Tuesday, November 04, 2008

Book Review: Faith & Doubt, by John Ortberg


My pastor is always quoting books by author John Ortberg, so I was really excited when I was offered the chance to review his latest, Faith & Doubt. The topic was especially intriguing because it’s one that often stays in the closet. Most of us have probably had doubts about God at one point or another in our lives, but we feel ashamed about lacking faith and often keep it to ourselves, hoping it will pass. But, in Faith & Doubt, Ortberg assures us that doubt is not the opposite of faith. In fact, it can actually strengthen our relationship with God! Ortberg admits that even he has struggled with faith in God. And great Christians like Billy Graham and Mother Teresa have also expressed feelings of doubt. It’s comforting to know that faith and doubt can walk hand-in-hand. So, this book answers the question: “Is it possible that doubt might be one of those unwelcome guests of life that is sometimes, in the right circumstances, good for you?”

John Ortberg is a master at using real-life stories and down-to-earth writing to explore the religious issues that we all grapple with. He tackled materialism in When the Game Is Over, It All Goes Back in the Box. He spoke of fear and courage in If You Want to Walk on Water, You’ve Got to Get Out of the Boat. And he wrote about having an intimate relationship with God in God Is Closer Than You Think. But, of all these issues, I think that doubt is a “biggie” in today’s world. It’s far too easy to wonder if God exists when we see tragedy and violence all around us. If there is a God, we tell ourselves, why doesn’t he stop all the awful things from happening? Why did he let a child die, or a house burn down, or a father of six lose his job? These are questions that all of us grapple with. It’s easy to have faith when things are going well, but much more difficult to hang onto when they aren’t.

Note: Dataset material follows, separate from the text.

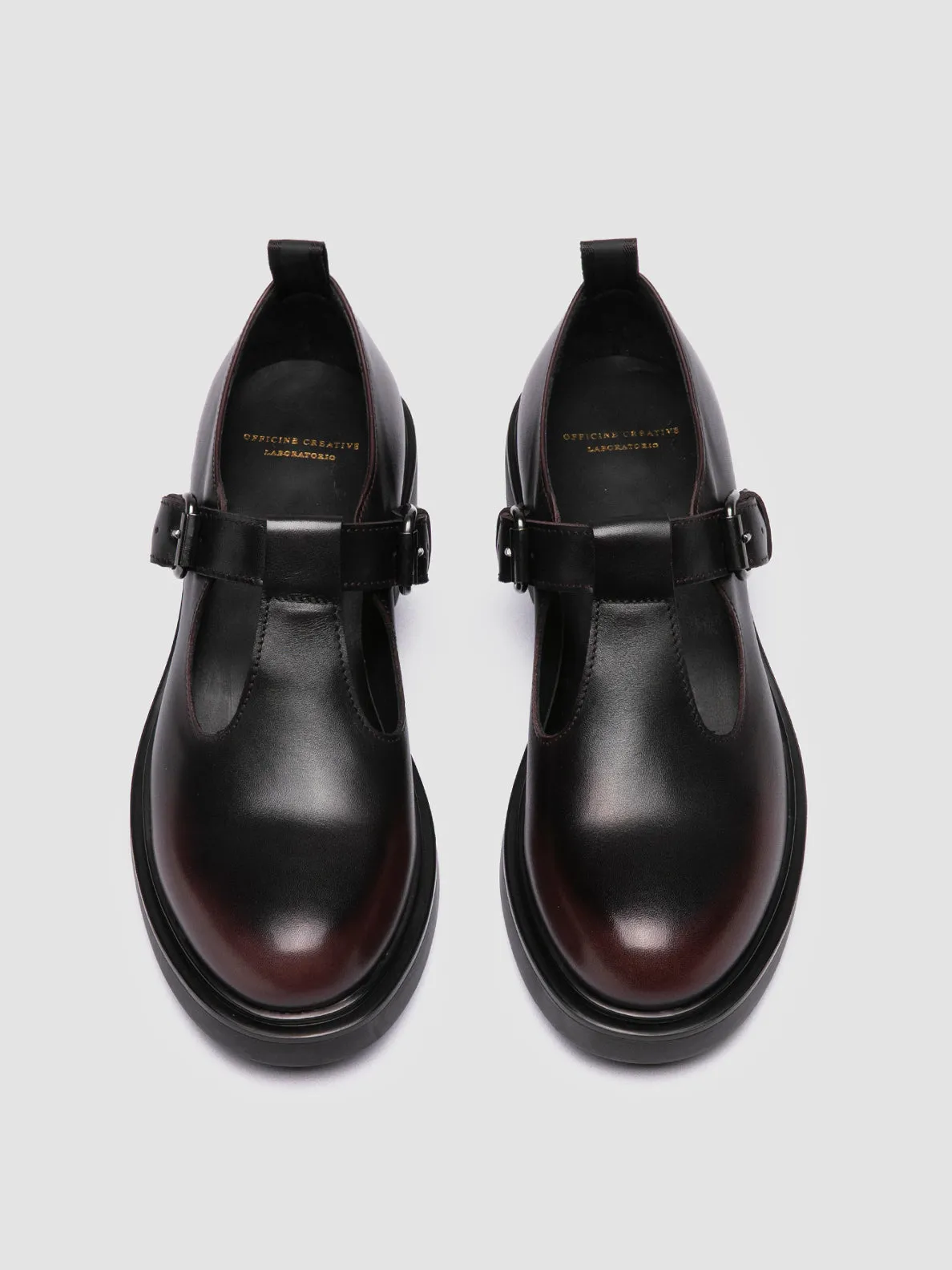 ENGINEER 103 - Black Leather T-Bar Shoes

Of course, doubt isn’t always okay. It can have very negative and serious consequences. “I often find myself wishing, given the damage that doubt can do, that God would just remove it,” writes Ortberg. “But he generally doesn’t. Maybe he has a reason not to.” Ortberg knows that God can use doubt to help us grow. “Sometimes doubt can do good in us. It can motivate us to study and learn. It can purify false beliefs that have crept into our faith. It can humble our arrogance. It can give us patience and compassion with other doubters. It can remind us of how much truth matters.”

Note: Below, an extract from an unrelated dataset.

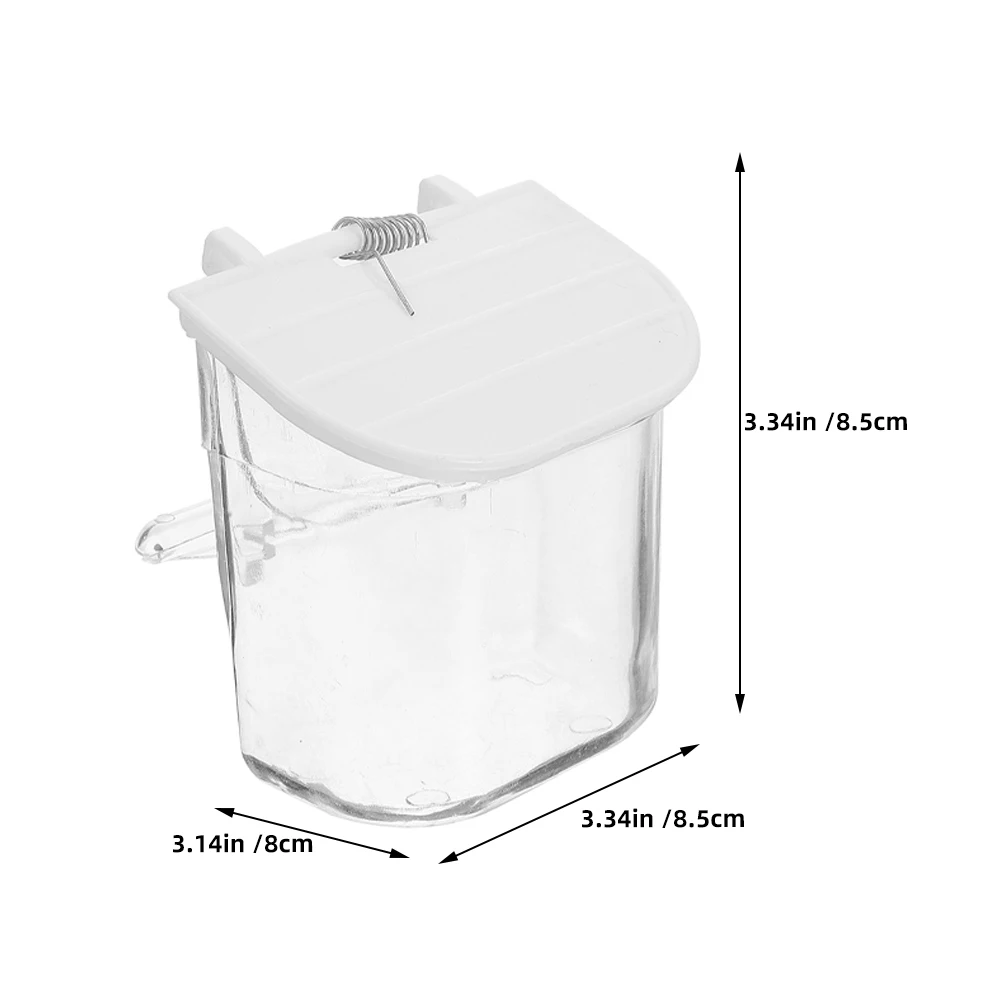 

3 Pcs Birdcage External Cup Chicken Feed Tool Food Holder Dispenser Bowls for Parrot Dish Abs Hanging Feeder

In Faith & Doubt, Ortberg doesn’t shy away from the tough issues, but addresses them head-on. He answers the questions we have about belief and comforts us in our doubts. And, in closing, he explains why, despite his doubts, he chooses to believe. If you’ve never once in your life doubted God’s existence or promises, then feel free to skip this book. But if you are like most of us with imperfect faith, Faith & Doubt is eye-opening and highly recommended.